Activity:
With the pictures omitted, output word for word the lines from the one containing "Solid Manufactured Wood" through the end of the records.

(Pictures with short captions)
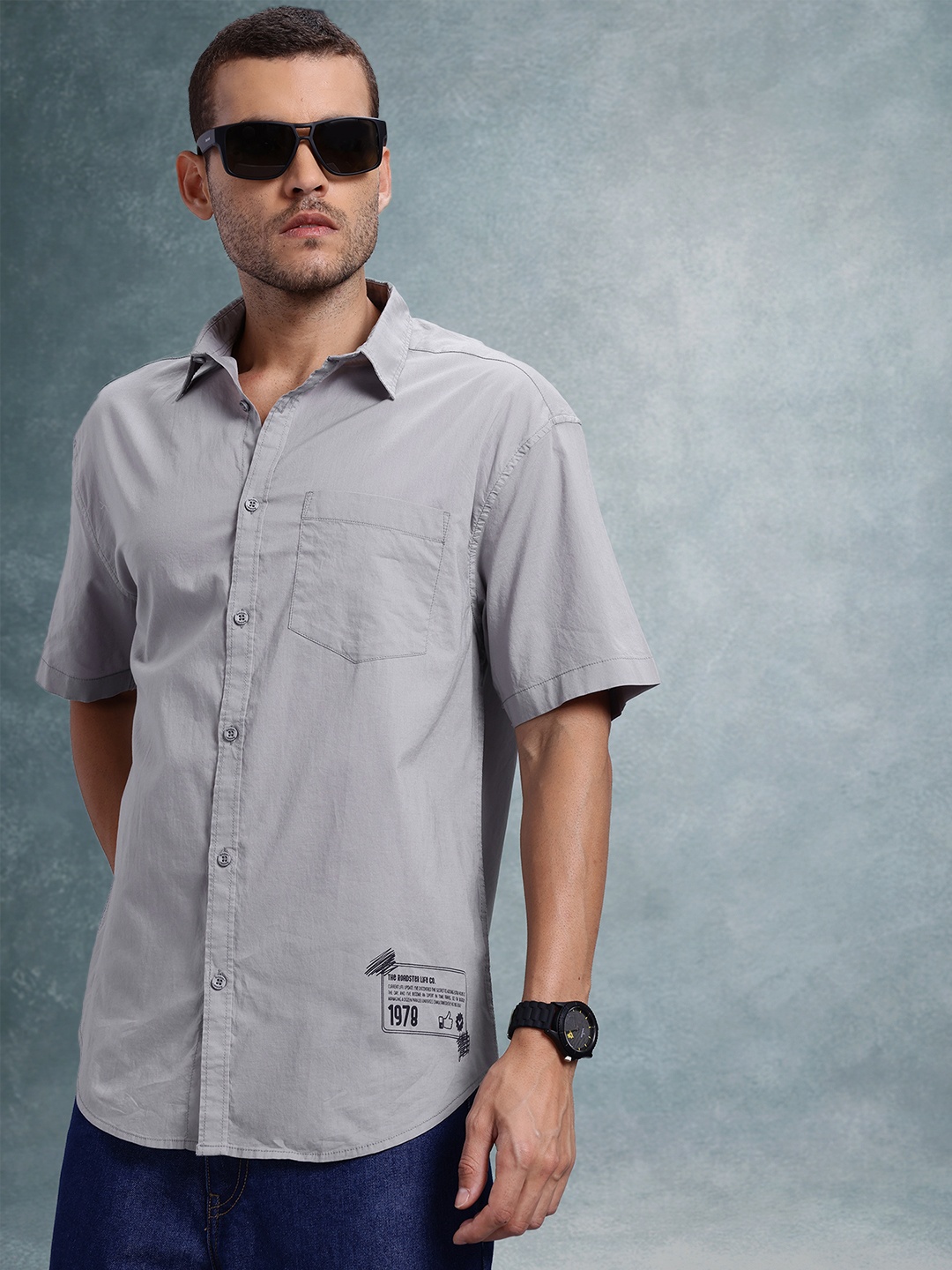 

The Roadster Life Co. Pure Cotton Relaxed Fit Casual Shirt, Grey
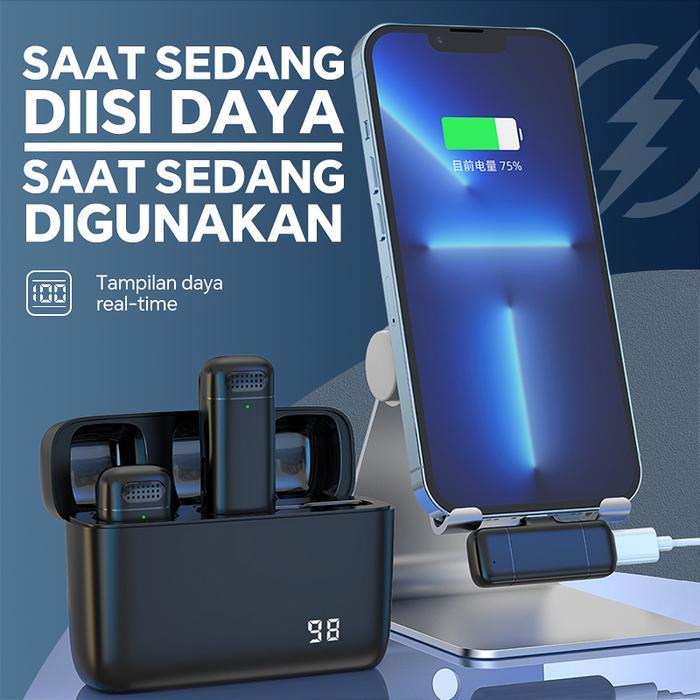 MINI MICROPHONE BLUETOOTH MIKROFON NIRKABEL LAVALIER TANPA KABEL HP LAPEL MIC WIRELESS CLIP ON UNTUK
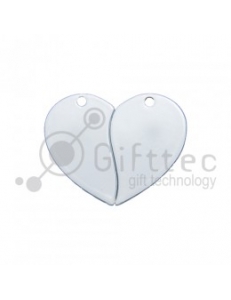 Брелок для ключей металический Сердце двойной БЕЛЫЙ упаковка 10шт 11261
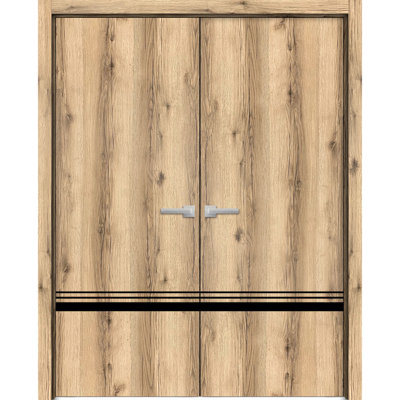 Solid Manufactured Wood Panelled Wood Finish French Doors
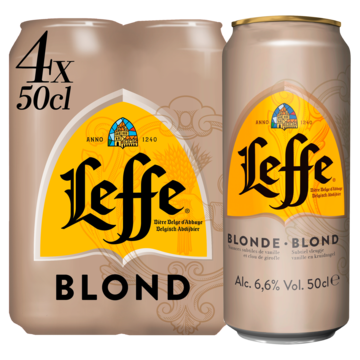 Leffe Blond Belgisch Abdijbier Blikken 4 x 50cl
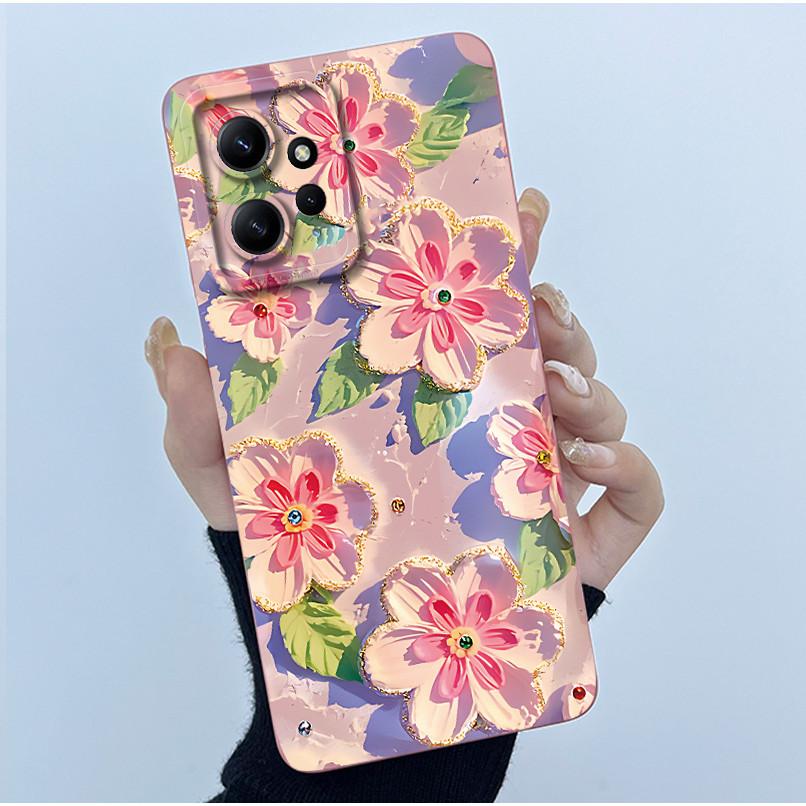 For Xiaomi Redmi Note 12 4G Phone Case Simplicity Butterflies Floral Soft Liquid Silicone Back Shell For Redmi Note12 4G Covers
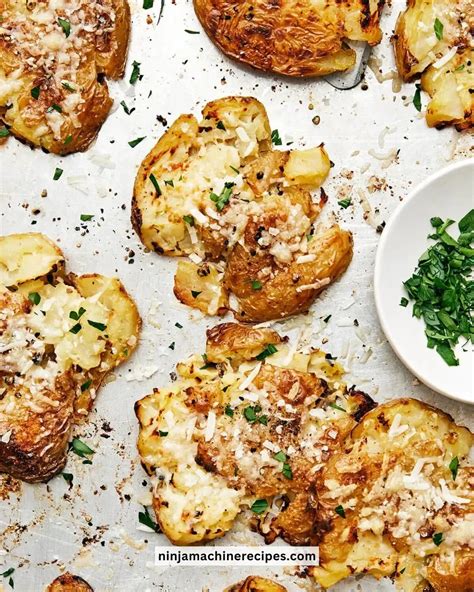 Smashed potatoes with herbs and spices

Completed exercise:
 Solid Manufactured Wood Panelled Wood Finish French Doors
 Leffe Blond Belgisch Abdijbier Blikken 4 x 50cl
 For Xiaomi Redmi Note 12 4G Phone Case Simplicity Butterflies Floral Soft Liquid Silicone Back Shell For Redmi Note12 4G Covers
 Smashed potatoes with herbs and spices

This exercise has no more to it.